For Exchange Server 2013 and 2016 we can monitor each Exchange service independently by requesting /healthcheck.htm in the virtual directory for each service. The healthcheck.htm file does not exist, but rather is generated by Managed Availability to indicate whether the protocol is healthy or not. You can see this in your web browser by navigating to one of your Exchange services, such as OWA. For example, my test lab OWA health check URL is https://mail.exchangeserverpro.net/owa/healthcheck.htm.
If I take the OWA components offline, the same URL doesn’t return the “200 OK” response, and the protocol can therefore be considered unhealthy by anything that is performing a health check.
[PS] C:\>Set-ServerComponentState -Identity EX2016SRV1 -Component OwaProxy -State Inactive -Requester Maintenance
[PS] C:\>Set-ServerComponentState -Identity EX2016SRV2 -Component OwaProxy -State Inactive -Requester Maintenance
In total, there are 8 services that potentially need health checking. You can decide which are the most important to you if you want to monitor only a few of them.
- Outlook Anywhere (aka RPC over HTTP) – /rpc
- MAPI/HTTP – /mapi
- Outlook Web App (aka Outlook on the web) /owa
- Exchange Control Panel – /ecp
- Exchange ActiveSync /Microsoft-Server-ActiveSync
- Exchange Web Services /ews
- Offline Address Book /oab
- AutoDiscover /Autodiscover
Creating a health check is Route 53 for one of those services is simple. Give the health check a meaningful name and fill out the details so that a HTTPS check is performed against your Exchange namespace, and the appropriate virtual directory with /healthcheck.htm appended to it.
Double check the Advanced settings to ensure SNI support is enabled, if your load balancer requires it.
The next part of the wizard prompts you to set up alarms. You can choose not to set up alarms at this time if you’d prefer to just set up the health checks and test them out before you potentially blast yourself with alert emails.
But if you do want to set up an alarm, either create a new Simple Notification Service (SNS) topic, or if you’ve already created an SNS topic while setting up a previous alarm you can choose the existing one.
Note that at the time I’m writing this the user interface seems to have the Existing/New toggle the wrong way around, so watch out for that if you’re doing this step yourself.
Note also that SNS topic names can’t have spaces. The interface isn’t very helpful with this, it will allow you to try setting an SNS topic name with spaces, then fail to create it and throw an error. That’s okay though, you can add an alarm to an existing health check later if you need to.
The email address you enter for an SNS topic needs to be confirmed before it will receive any alarms, so watch for a confirmation email in your inbox after you set it up. Common sense also says you should use an alert email address that is external to the Exchange organization that you’re monitoring. Obviously if your Exchange server goes down, you’re not going to be able to receive an alert email. So you should use Gmail.com or Outlook.com, or consider also adding SMS (text message) notifications to your SNS topic so that the alerts are sent to your mobile phone.

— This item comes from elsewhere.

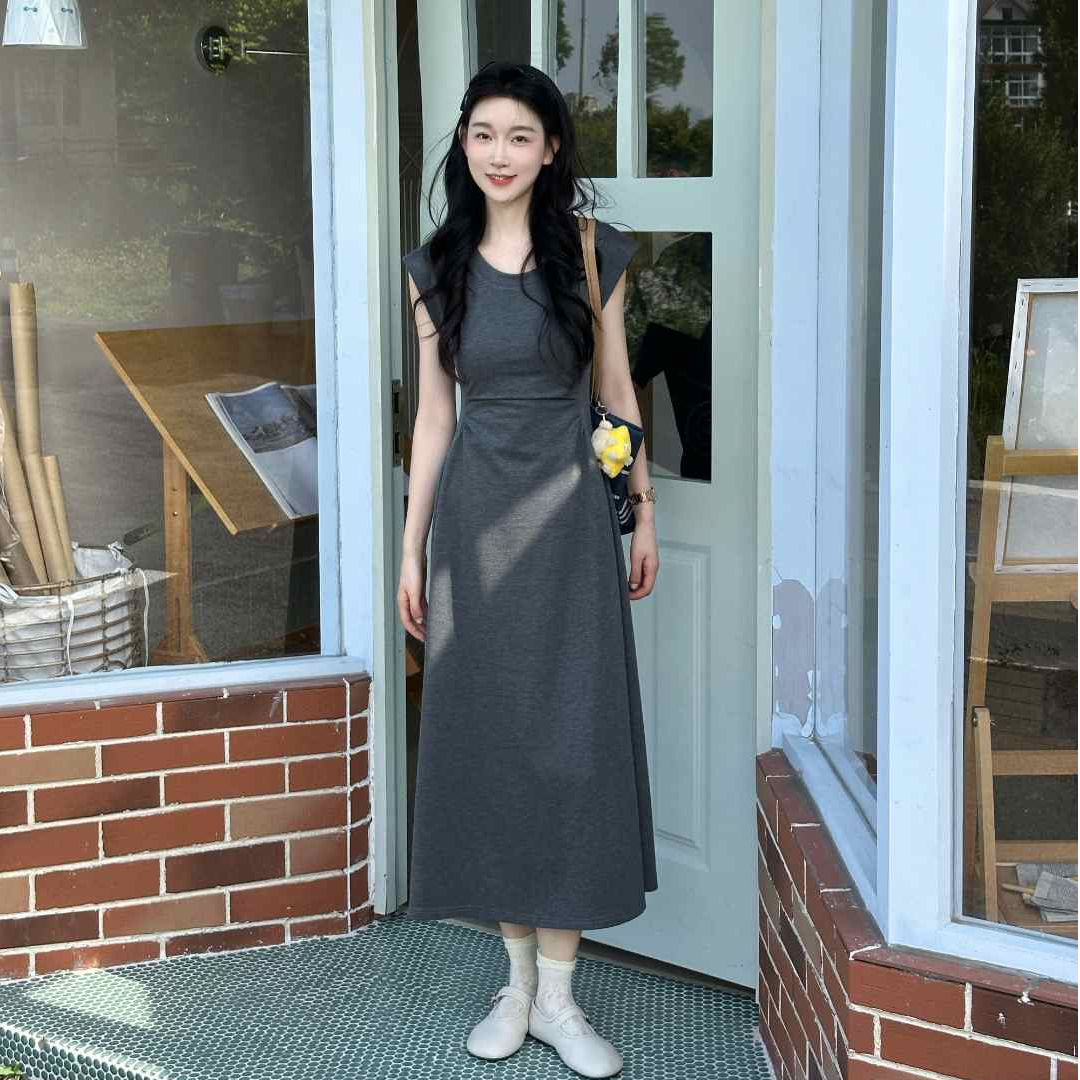 OUDOCKEE 鸥鸥【掐腰裙】灰色纯色连衣裙气质无袖 L2502G405T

Repeat the alarm setup steps until each of the Exchange services is being monitored. Now you’ve got each of the 8 Exchange HTTPS services being monitored individually, and if you chose to configure alarms then you’ll receive alarms when any of the services are unavailable.
Let’s take it a step further. Consider that some services might be less critical than others. Perhaps you’re not concerned so much about OAB being unavailable for moderate periods of time, or you don’t think OWA should be monitored because nobody in your organization uses it. You can tune the alarms for each service independently, either by turning the alarm off entirely, or by adjusting the conditions used for the alert. For example, you might set an alarm threshold for 1 day for a less critical service, and 1 minute for a critical service.
You can also consider creating alarms based on the status of other health checks, or what are called “calculated health checks”. An example of this is having your per-protocol alarms go to one email address, but then have a calculated health check that throw an alarm when more than X number of health checks have an alarm. This extra alarm can be filtered differently in people’s inboxes so it is less likely to be missed, or could be sent to different recipients such as a higher tier of support or a critical incident manager.
The email alerts themselves are not very user friendly when you let AWS create them for you. The average user might find them too confusing, but they are perfectly find for a technical audience. If you need to customize the name to something friendlier you can so by manually creating the alarms instead.
If latency is important to you, then you can also add latency monitoring to your health checks and configure alarms that will fire when there is high latency on a service.
As you can see the health check features of AWS Route 53 are quite useful, and the costs are trivial. This makes it an interesting alternative to other paid monitoring solutions such as Pingdom (which I use to monitor this very website). Monitoring the status of HTTPS service works well. Monitoring other TCP services such as SMTP, POP and IMAP can also be performed, but not to the same degree as other systems that perform a full application test of those services.
If you’ve already got an AWS account and you’re using other AWS services already, adding in Route 53 health checks will be simple. At the very least, if you’ve got no external monitoring of your Exchange services today, or you’re evaluating multiple tools, then you should take a look at Route 53.